JS101092

Performing Memory: Art Community, Archive & St Ives

Posts Tagged ‘Rhythmanalysis

The Intangible Archive St Ives

with one comment

 

 

The Intangible Archive is the project that I’ve been working on, with sound artist/composer Philip Reeder. I presented on it last week at the Association of Art Historians conference, and I’m on my way to San Diego to present at Museums and the Web 2012. Rather than a linear, temporal sound walk, it’s a spatial way of engaging with memory. It’s an extension of the archive, where I’ve re-archived memories according to their links with place. People can search the archive by walking around St Ives, looking for memories to listen to. It comes out of my practice, which asks people to articulate their memories and finds creative ways of sharing those memories with others. Sharing memories with others is a form of re-archiving; augmenting the memories others through encounter. This creates a multiple, distributed archive, where there are many different forms of remembered encounter, each one unique, connected to place, and archived in the memory of each person that searches for fragments of the archive to make their own story of place. Voices that don’t often get heard getting their say in history. Making archival silence into archival noise.

 

The Intangible Archive is an archive without walls. It’s a way of encountering memories from the archive, outside of the archive itself. Using mobile technology and headphones, participants can create their own history of place by walking around St Ives. A soundtrack composed by Philip Reeder, from field recordings of St Ives, plays while participants walk, and at certain points, voices from the Memory Bay oral history archive will speak. Instead of being told a particular history from a particular point of view, the direction of walking determines the narrative.

 

There are more video snippets at http://theintangiblearchive.wordpress.com

 

BOOK: Rhythmanalysis, Lefebvre, 2004 (1992)

leave a comment »

p. xiii

Influenced by Nietzsche, Proust and Marx, as well as Bachelard‘s Poetics of Space & Dialectics of Duration.

p. 8

There are cyclical rhythms and linear rhythms, which ‘separate out under analysis, but in reality interfere with one another constantly’.

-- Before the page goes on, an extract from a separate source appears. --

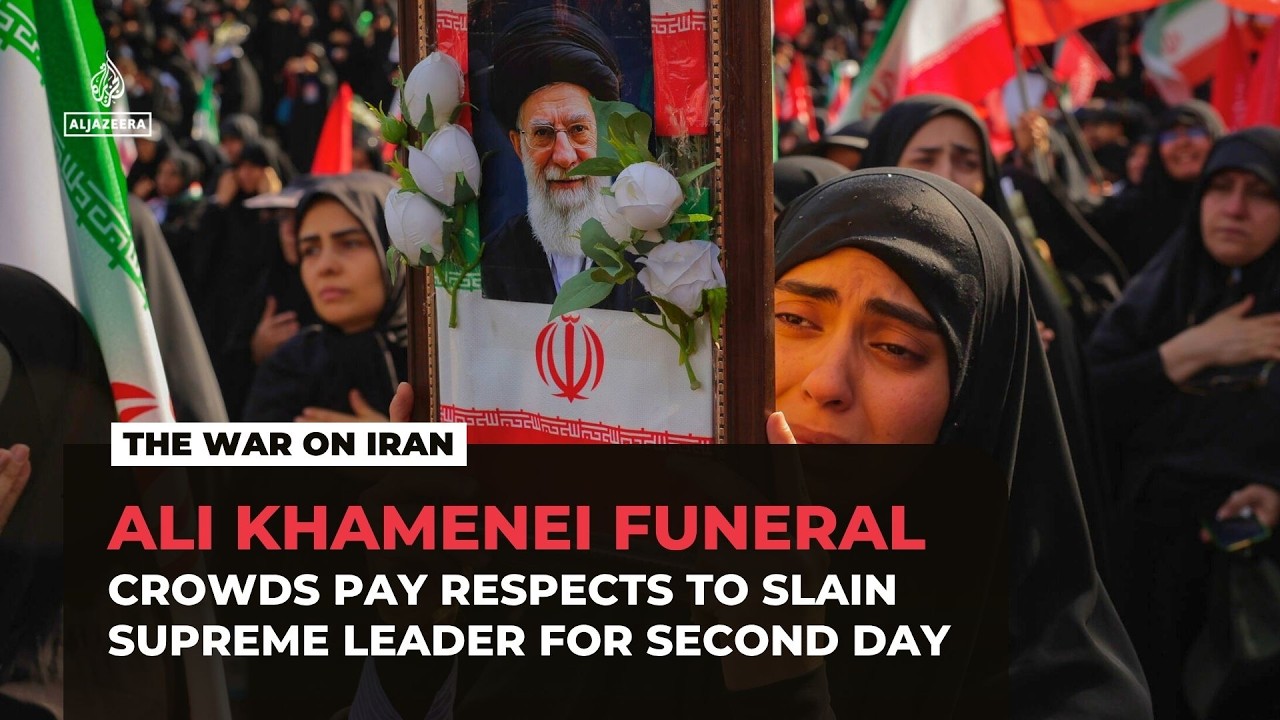 Huge crowds pour into Tehran for funeral ceremonies for Iran&rsquo;s slain leader Ali Khamenei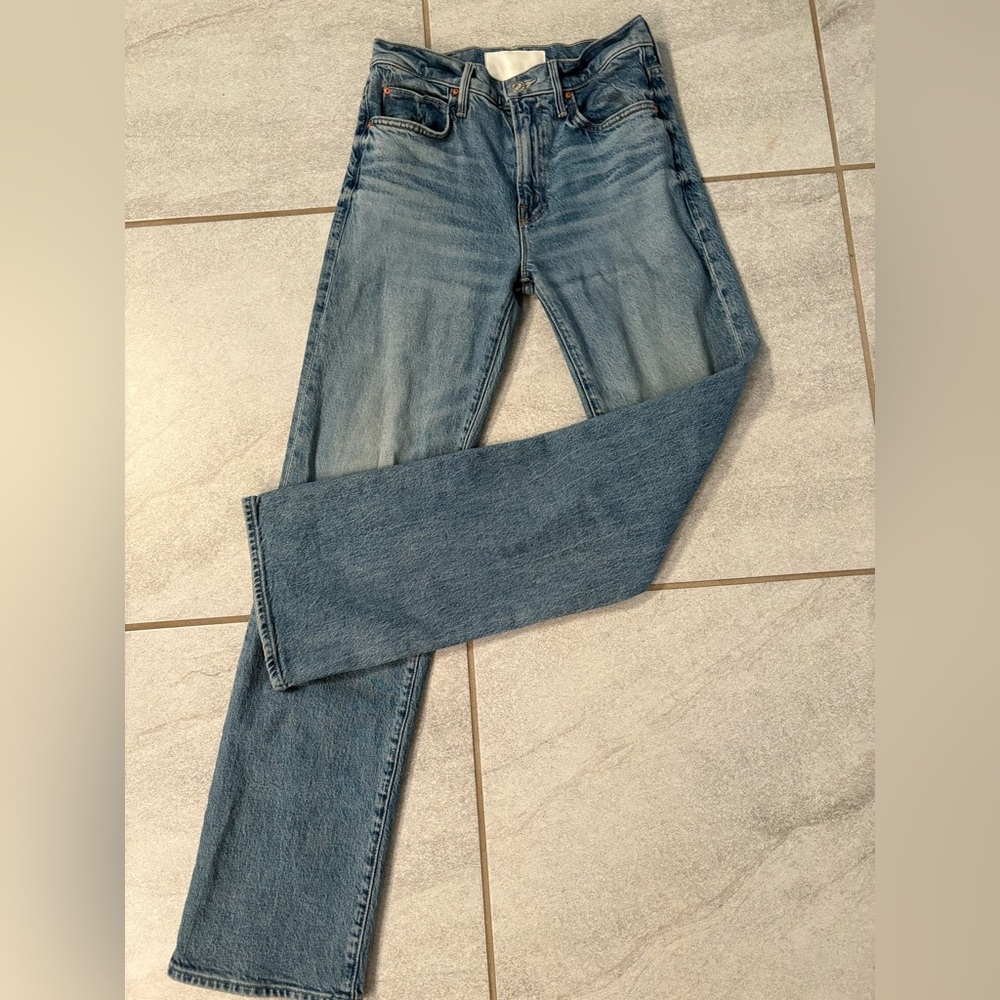 Mother Denim Kick It Straight Leg Blue Denim Jeans size 25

The cyclical originates in nature, and the linear from social practice and human activity.

Time and space, the cyclical and the linear, exert a reciprocal action: they measure themselves against one another; each one makes itself and is made a measuring measure; everything is cyclical repitition linear repetitions. A dialectical relation (unity in opposition) thus acquires meaning and import, which is to say generality. One reaches, by this road as by others, the depths of the dialectic.

p. 9

Rhythm appears as regulated time, governed by rational laws, but in contact with what is least rational in human being: the lived, the carnal, the body.

p. 11

Rhythms escape logic, and nevertheless contain logic,, a possible calculus of numbers and numerical relations.

One meaning of the research, a philosophical goal, is to be found here: the relation of the logical (logic) and the dialectical (dialectic), which is to say of the identical and the contradictory.

It was necessary to set up list of oppositions and dualities that enter into analysis by rejecting first the old comparison of dialogue (two voices) and dialectic (three terms).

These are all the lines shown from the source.